También, no cumplir con la pensión de alimentos que la justicia ha determinado es un ejemplo de violencia económica muy frecuente, contrariamente a la creencia que se ha instaurado en el imaginario de que las mujeres, cuando se separan, les quitan el dinero a los hombres.
Otra forma frecuente de violencia económica es la explotación laboral. Y no pensemos únicamente en familias con pocos recursos económicos, sino que este tipo de violencia se da más a menudo de lo que pensamos en clases socioeconómicas medio-altas, en las que la mujer trabaja en el “negocio familiar” o “ayudándole” a él sin contrato o con un contrato por debajo de su categoría, sin percibir un salario porque con el ritmo de vida que le proporciona el hombre se tienen que dar por pagadas.
Esta violencia es muy difícil de identificar, sobretodo, cuando la mujer no sufre problemas económicos. Pero el estatus económico está totalmente ligado al estatus de él y no puede plantearse una salida de la relación sin que eso suponga una gran pérdida de calidad de vida. La explotación sexual estaría en el extremo, siendo una de las formas más graves de violencia económica. El objetivo es el mismo que con cualquier tipo de violencia: el control sobre la mujer, su sometimiento y la anulación de su libertad y autonomía.
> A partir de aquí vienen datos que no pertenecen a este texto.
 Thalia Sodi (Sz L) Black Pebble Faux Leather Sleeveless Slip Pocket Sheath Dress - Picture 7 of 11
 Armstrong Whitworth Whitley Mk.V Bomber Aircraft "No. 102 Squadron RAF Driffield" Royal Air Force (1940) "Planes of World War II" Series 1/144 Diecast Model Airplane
Además de la violencia económica, existen unas consecuencias económicas de los diferentes tipos de violencias vividas. La violencia económica está presente, más allá del tipo de estratagema que el agresor utiliza, pues el empobrecimiento o la bajada de estatus socioeconómico es una consecuencia que observamos en la mayoría de los casos que atendemos y es una de las principales áreas que se deben tratar. Pues sin recuperarla, la mujer y sus hijas e hijos (si tiene) en muchos casos pasarán a ser dependientes de la administración pública y, por tanto, una vez más tendrán limitada su autonomía.
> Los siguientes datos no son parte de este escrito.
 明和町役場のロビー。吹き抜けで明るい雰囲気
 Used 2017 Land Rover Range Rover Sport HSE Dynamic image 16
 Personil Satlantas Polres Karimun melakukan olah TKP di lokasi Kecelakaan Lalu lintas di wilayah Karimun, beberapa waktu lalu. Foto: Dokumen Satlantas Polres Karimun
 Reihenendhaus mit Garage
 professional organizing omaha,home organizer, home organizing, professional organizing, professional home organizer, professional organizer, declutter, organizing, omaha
Las consecuencias de la violencia machista afectan a las diferentes esferas de la vida de las mujeres y de su entorno inmediato. Por lo tanto, habrá que tener en cuenta estas especificidades a la hora de plantear itinerarios y planes de trabajo con ellas para su empoderamiento económico.
Cada agresión impacta en una esfera vital de la mujer y directamente en su autoestima. Esto tiene un efecto directo en las esferas, laboral y formativa, haya o no violencia económica. Debido a las consecuencias de las violencias recibidas, la carrera profesional se ve afectada y la autopercepción de las competencias está totalmente distorsionada. El tiempo que puede dedicar a la carrera profesional, el espacio mental que le puede dar al trabajo, el rendimiento, el absentismo, la vulnerabilidad a sufrir otras violencias en el entorno laboral, etc son “pequeños” efectos de la violencia recibida y, gota a gota, van empequeñeciendo esta parte de la vida que en nuestra sociedad capitalista cobra tanta importancia: el entorno laboral y la posibilidad de ser autosuficiente económicamente.
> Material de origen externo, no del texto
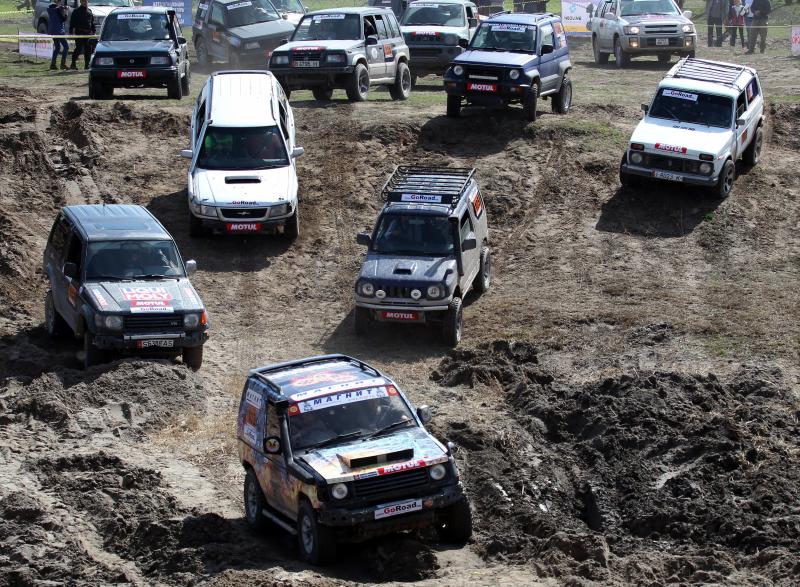 Todoterrenos y quads se bajan al fango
Nuestras esferas vitales están totalmente interconectadas y, por lo tanto, lo que ocurre en una afecta a las otras. Llegadas a este punto parece inevitable pensar que hay que aumentar los esfuerzos y los recursos para proporcionarle a las mujeres que viven o han vivido violencia de género la posibilidad real de reparar el daño producido en la esfera laboral i/o formativa. ¿Cómo? Existe una parte que tiene que ver con el compromiso por parte de administraciones y ciudadanía, y con ello las empresas privadas, de garantizar el acceso a puestos de trabajo.
Esto es imprescindible y, además, tiene que ver con que el sistema asuma su responsabilidad en este problema estructural. Y la otra gran pata sería que las profesionales empezáramos a problematizar un modelo de intervención muchas veces lineal, donde el empoderamiento económico se aborda al final de un largo recorrido y que, a veces por obvio, acabamos tratándolo como algo residual.
No nos olvidemos de que la autonomía económica es básica en la recuperación de la violencia. El agresor sí lo sabe. Por eso pone mucho énfasis en acabar con dicha autonomía.